The hard-hitting topics in RAYE’s album don’t stop there. Other introspective tracks that highlight RAYE’s lyrical skills are “Body Dysmorphia” and “Environmental Anxiety,” which both describe the ways we can be weighed down in life, ranging from our personal lives to global issues. The use of a vocal synthesizer to provide a distorted effect and fast-paced tempo in these tracks resembles the anxiety many of us feel about these topics pressed in between the midst of our daily lives—almost impossible to avert our attention towards without casting other concerns out the window. RAYE makes a valiant effort to utilize her platform as one that is both relatable in terms of the insecurities that we share but also urges that we can do more as a society.
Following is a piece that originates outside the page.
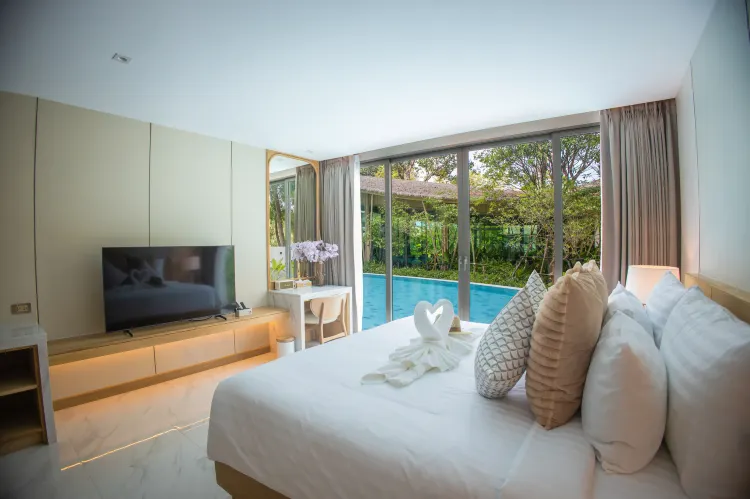 Grand Deluxe With Pool
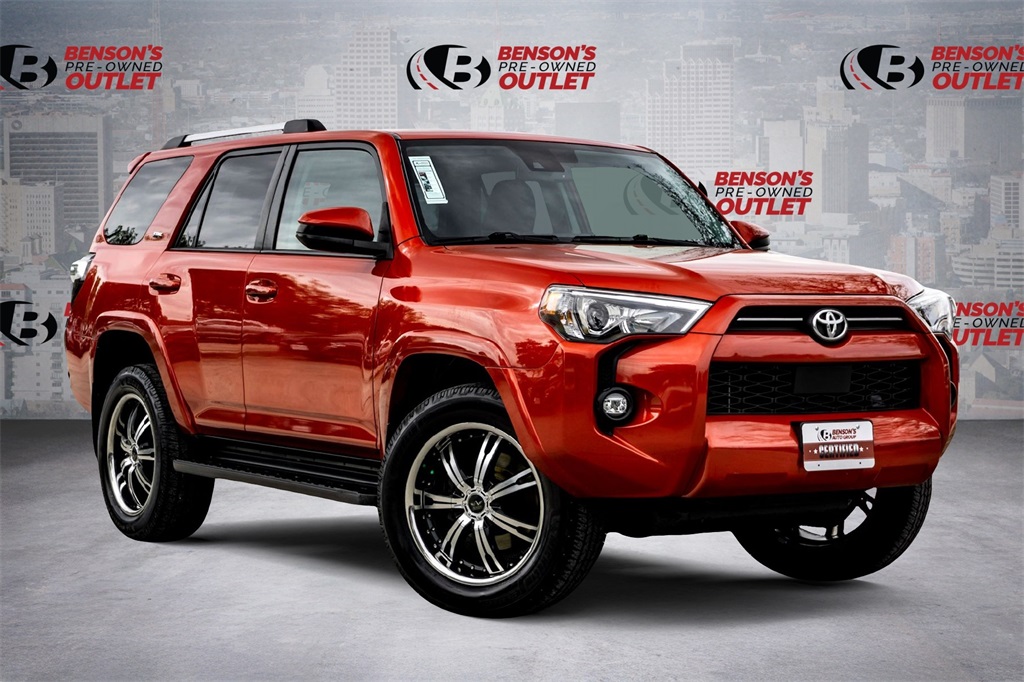 2022 Toyota 4Runner SR5's photo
RAYE slides in the biggest hit of her album, “Escapism,” right in the middle. This single, in collaboration with 070 Shake, became RAYE’s first UK No. 1 and Billboard Hot 100 entry at the start of this year, but its sped-up version also went viral on TikTok. The use of more R&B styles provides a stark difference to the pop feel that is spread out in other songs in the album. RAYE’s unique story-telling skills in this track paints the picture of an individual snarling about their desire to seek out drugs and a method of revenge from her ex. The drums drive the power of the pace in this piece and provide an interesting contrast to the RAYE’s vocals. It is most especially prominent in the chorus segment, which served as the main propeller for her song becoming viral.
My personal favorites, “The Thrill is Gone” and “Worth It,” demonstrate her versatility in other genres. RAYE’s velvet voice combined with a funky guitar and brass provides a groovy style that is head-bobbing and a fun listen. However, “Buss It Down” was a reminder that the album lacked connection between its tracks, and while RAYE uses it to her advantage in songs placed earlier in the track list, I felt like “Buss It Down” was a lackluster conclusion piece glued with trendy phrases and an assisting vocal chorus to dilute its tame feel. If the album were to snip out these portions, the presentation would have been more appealing in its attempts to cover a large range of topics.
As a casual listener of RAYE’s works for the past several years, her debut album presents a more intimate picture of her career that will cause me to be a more engaged fan. Her song writing abilities alone speaks for the passion she has for music and its abilities to tell more through repeated listens. Giving this album a try is a high recommendation for me, because it seems to be a mere teaser for what RAYE may have in store for us in years to come.